だが俺は諦めたわけではない。俺は頭の中でとある言葉を思い浮かべつつ意識を一点に集中してスローモーションになった世界でタイミングを計る。
思い浮かべていた言葉はとある世紀末な世界にいる、病人のくせにピラミッドのような物の一番上の所まで届く一撃必殺の技を持つ拳士の言葉だ。
(激流を制するは静水!剛の力には正面から逆らわず柔よく制す!…まぁ制するというかは微妙だが。)
心の中では格好いいことを考えてはいるが要は捨て身である。
そして彼女の拳が俺のメダルに触れ、割れる。
(この瞬間!リバースカードオープン!)
…全然格好よくないが要するに思い通りに行ったのである。
俺は彼女の拳が胸部に当たった瞬間に衝撃を腕へと流し萃香さんに触れる。
すると彼女の全ての威力とはいかないが彼女へと衝撃が返される。
だが彼女はその衝撃を食らってもびくともしない。
(…まじかーこのまま彼女を吹き飛ばせるならそのほうがいいかなとか思ったんだけどこれじゃあやりたくないほうをしないといけないか…)
物凄い威力を与えたのにも関わらず相手が微動だにしないということはつまり威力はまた俺に戻り、跳ね飛ばされる。
そんな俺を尻目に萃香さんは溜め息一つ話し出す。
「はぁ、最後にまた面白いことをしようとしたけれど勝負も終わりだねぇ。」
「あぁ、終わりって言ったからにはこの勝負はもうしなくていいんだな。」
俺は飛ばされたおかげで彼女と距離が空いた状況になり、割れたメダルを投げ捨てながら答えた。
そんな俺に彼女は振り返りながら答える。
「そりゃ私は戦いたいけどさ、あんたのメダルがないんじゃ戦えないだろう?」
「いいや?俺のメダルはまだあるよ?」
俺はポケットに手を突込み目的の物を取りだしながら彼女に告げる。
そう、それはレティさんから譲り受けたメダルである。
「へぇ、まだメダルがあるのかい。じゃあもう一度」
「そうしたいところだけど断る。」
「…なんでだい?」
彼女は少し目を細めこちらを睨みながら問う。
それに対し俺は彼女の一言をいいかえす。
「はぁ、最後にまた面白いことをしようとしたけれど『勝負も終わり』だねぇ。」
「っ!」
彼女が先ほど告げた言葉をそのまま返した瞬間彼女は忌々しく、そして自分のミスに驚愕の表情を浮かべる
そう、彼女は確かに勝負は終わったといったのだ。
つまりこれ以上俺と戦うことは無い。
その言葉を無視して俺に攻撃することもできるが彼女が鬼という種族である以上嘘をつかない。
嘘をつかない以上俺にはこれ以上攻撃をできない。
これが俺の狙っていた作戦である。
「はぁ…まったくやってくれたね。まったくいつの時代も鬼に対して人間は卑怯な策で勝ちに来るね。」
「そりゃ力と速さのどちらでも勝てないなら頭で勝つしかないだろう。ま、霊力でも覚えりゃもう少しまともに戦えもするんだけどな。だから再選は霊力を手に入れてからだな。」
俺のその発言を聞いて萃香さんは少し口元に手をやって考え事らしきものをした後、俺に話しかけた。

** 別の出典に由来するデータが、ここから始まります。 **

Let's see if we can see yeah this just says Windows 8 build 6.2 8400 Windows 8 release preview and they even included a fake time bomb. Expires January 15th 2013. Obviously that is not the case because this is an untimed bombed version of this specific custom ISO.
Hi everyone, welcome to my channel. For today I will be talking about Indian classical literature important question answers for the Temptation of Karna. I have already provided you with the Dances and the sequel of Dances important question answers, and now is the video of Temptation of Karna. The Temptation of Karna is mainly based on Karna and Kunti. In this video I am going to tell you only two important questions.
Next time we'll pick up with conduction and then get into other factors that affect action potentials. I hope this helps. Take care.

「その発言は霊力を手に入れたらもう一度戦ってくれるって約束ととるよ。」
「…あっ」
萃香さんはしてやったりな顔でこちらを見ている。
「まさか嘘とか言わないよね?鬼に嘘をつくつもりかい?」
(…はぁ、これは仕方ないな)
「わかったよ鬼とかじゃなくて女性にあまり嘘を付きたくないしな。ただし霊力を使えるようになったら、だ。」
「はいはい、霊力を使えるようになったら、ね。鬼は嘘をつかないよ。」
それじゃあね、と言い残し萃香さんは背を向けて歩いて行った。
その背中を、はるかに高く、超えれる日がいつになるかも分からない位高い壁を見送りつつ息を吐く。
(…負けたか、想定していたとはいえ悔しいな。)
こんなに力の差を感じたのはいつぶりだろうか。
多分、彼女は自分の力の30%、いや25%の力も出しちゃいないだろう。
つまり今の俺にはそれだけの力で戦う価値しかないと言っているようなものだ。まぁ仕方がない。

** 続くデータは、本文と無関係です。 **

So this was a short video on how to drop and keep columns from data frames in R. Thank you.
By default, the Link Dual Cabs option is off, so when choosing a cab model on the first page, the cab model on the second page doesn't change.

その手加減している状況でも最後の一撃は俺が威力を流さなければあばら骨が何本かいっていただろう。
そんな俺が彼女に勝とうなんて無理な話だ、だが彼女とまともに闘えるようになる方法がないわけではない。
俺は彼女には早さと技でも敵わないが一番の要因はやはり力と彼女へダメージが通らないことだ。
だが霊力を覚えればその差を今よりは格段に埋められる。そうなればまだ勝機も見えるだろう。
でも、その前に…受け身も覚えたりしないと駄目だ…し
「まだまだ、これから…か。」
そう呟いて萃香さんとの戦いで疲れ果てた俺は前のめりで倒れ、そのまま休むことにした。
能力の反動だろうか、もう動くこともままならなかった。
「あーくそ、もう体動かねぇ…」
そんなことを呟いていると遠くから人影が、いやウサ耳が見えた。
そいつは俺の近くまで歩いてきて俺の状態を確認する。
どうやら鈴仙さんではないらしい。
そしてそいつは萃香さんから死守したばかりの俺のメダルへと手を伸ばす。
(…あぁ負けたな。)
今回もお読みいただきありがとうございました。
どうしよう、ここから先ゲームが終わるまでほのぼのができる気がしない。
…まぁ劇が笑い系だからいいか!
それではまた次回!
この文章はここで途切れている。